Nigel Llong, a former Kent player whose previous claim to fame was umpiring in the first Twenty20 international in England when Ricky Ponting's Australia were stunned at the Rose Bowl in 2005, will break new ground at Old Trafford on Thursday – in a van in the car park – when he combines the roles of third umpire and television director.
Llong, who is one of the four English members of the International Cricket Council's elite umpires panel, has been chosen to conduct the trials for a new system of which the game's global governing body has high hopes.
Unlike Kumar Dharmasena, the Sri Lankan who has been appointed third umpire for the third Test – and will therefore be reliant on the replays provided by Sky, the host broadcaster – Llong will have the power to select his own replays from a giant screen offering the full range of options, including Hot Spot and Hawk-Eye.
On this occasion his decisions will carry no authority, and are unlikely to become known beyond the confines of his truck – Dave Richardson, the ICC's chief executive, has stressed that the trials are only "at the drawing board stage".
But the fact that they are being conducted during an Ashes series in which the role of the third umpire has provoked so much discussion and controversy means that the results will be eagerly scrutinised, even though Llong's position does not seem dramatically different from that which currently applies.

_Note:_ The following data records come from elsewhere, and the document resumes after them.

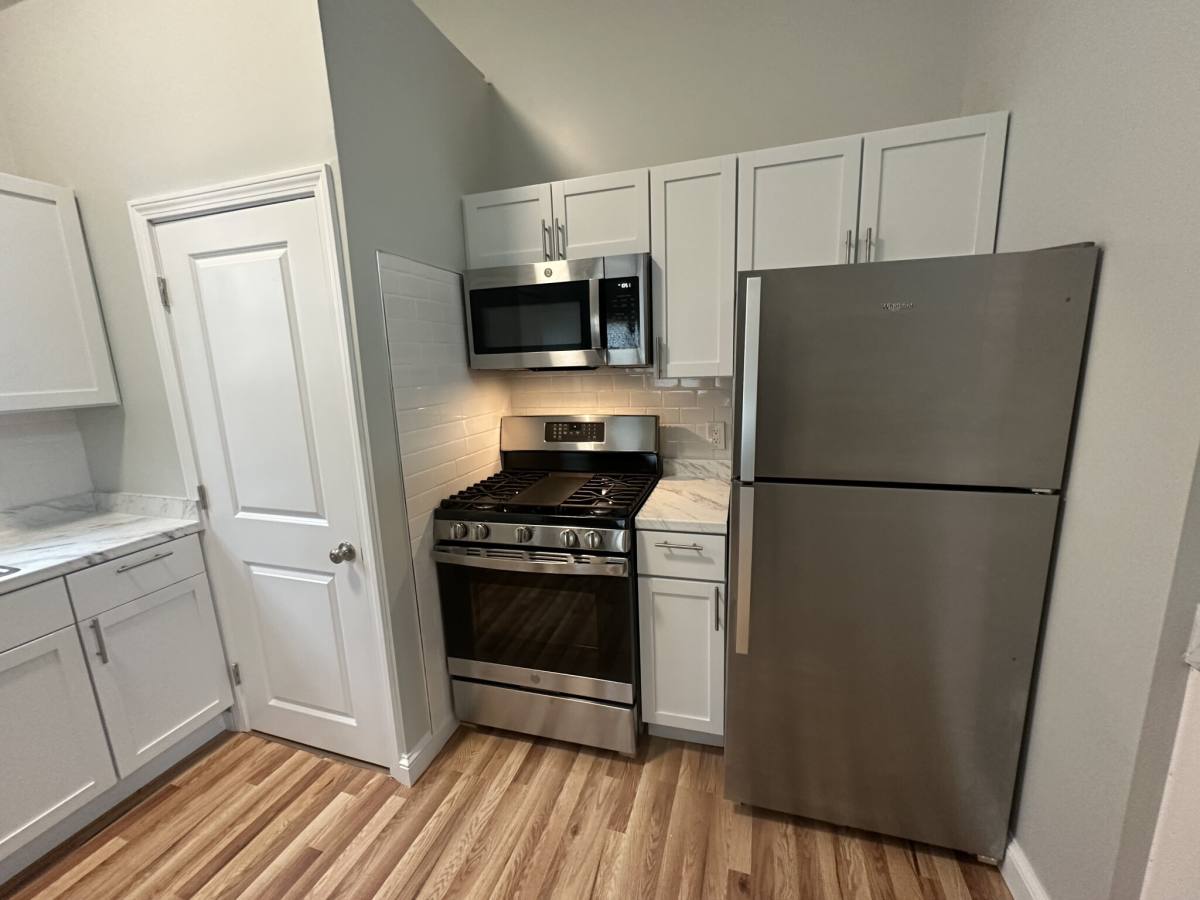 Apartment for rent at 87-89 Newton St #1F, Somerville, MA 02143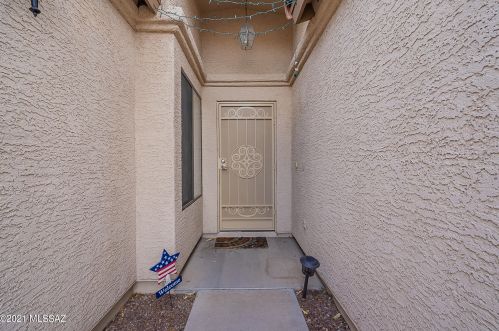 9486 Lilly Bay Loop, Tucson AZ  85710-1888 exterior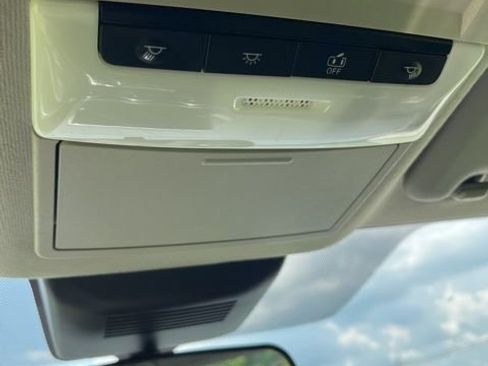 Used 2023 Nissan Sentra SV w/ All-Weather Package image 20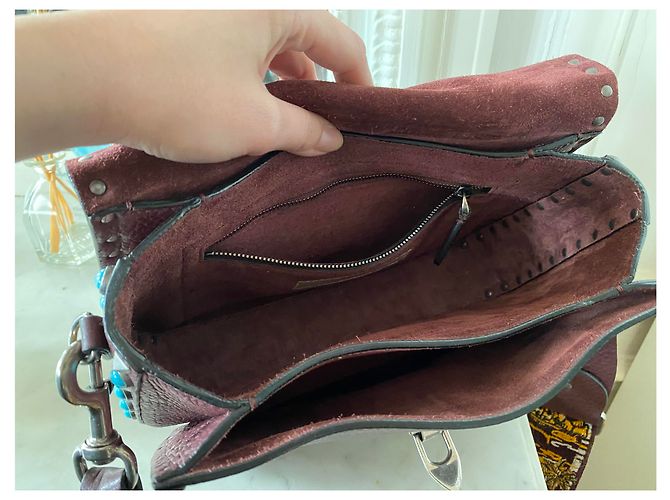 Borsa a mano Valentino Garavani Guitar Rockstud in pelle rosso scuro Bordò - vista 4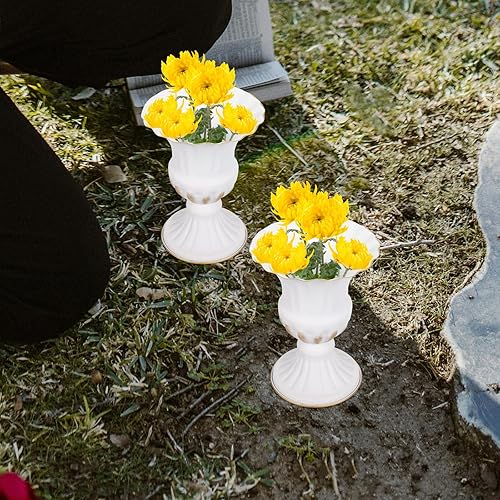 Miniatura 2 de HOLIDYOYO Maceta clásica para urna, 2 piezas de jarrón conmemorativo para cementerio, maceta de hierro, soporte para trompeta, jarrón de trompeta,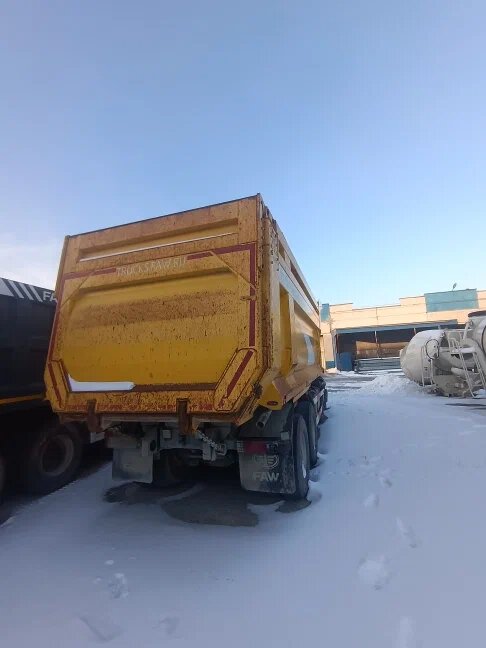 FAW J6 8x4 Самосвал — фото 5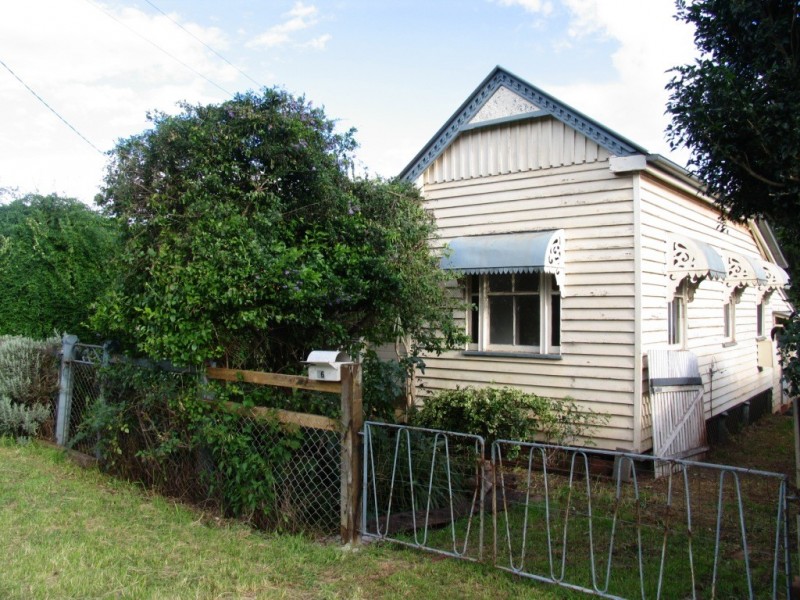 36 Rhyde Street, Mount Lofty QLD 4350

Dharmasena, like Marais Erasmus and Tony Hill in the first two Tests, will be able to request replays from Sky and to have them repeated as often as he likes. But the ICC hopes that by taking greater control over the process itself, it may be able to speed it up and also, crucially, remove one of the key planks of Indian resistance to the decision review system, which is that it is vulnerable to broadcasting bias.
There have been other more radical suggestions for reform of DRS during the past few days. Warren Brennan, the inventor of the Hot Spot technology, has been trialling Real Time Snicko – a combination of Hot Spot and the Snickometer, the device to detect edges which cannot currently be used by the third umpire because it takes too long – and hopes it can be introduced before the return Ashes series in Australia.
Meanwhile Richardson confirmed to The Age at the launch of the 2015 World Cup in Melbourne that there has been "a lot of informal discussion" about the possibility of allowing teams additional reviews in long Test innings – a prospect that will horrify those who believe the technology is already being misused and abused.
There is also a growing move behind the scenes for members of the ICC's elite panel to receive more training and practice in their use of all the rapidly developing technology, which could lead to the development of specialist third umpires.
But at this stage there seems no prospect of cricket following the example of the two rugby codes by requiring the third umpire to explain his choice and use of replays, and therefore his decisions, on air.
The ICC has always insisted on the need for the third umpire to operate in a sealed area, accompanied only by the match referee and perhaps the reserve umpire, to prevent any outside influence being exerted – which is why Llong will be out in the car park while Dharmasena and Ranjan Madugalle will be elsewhere at Old Trafford.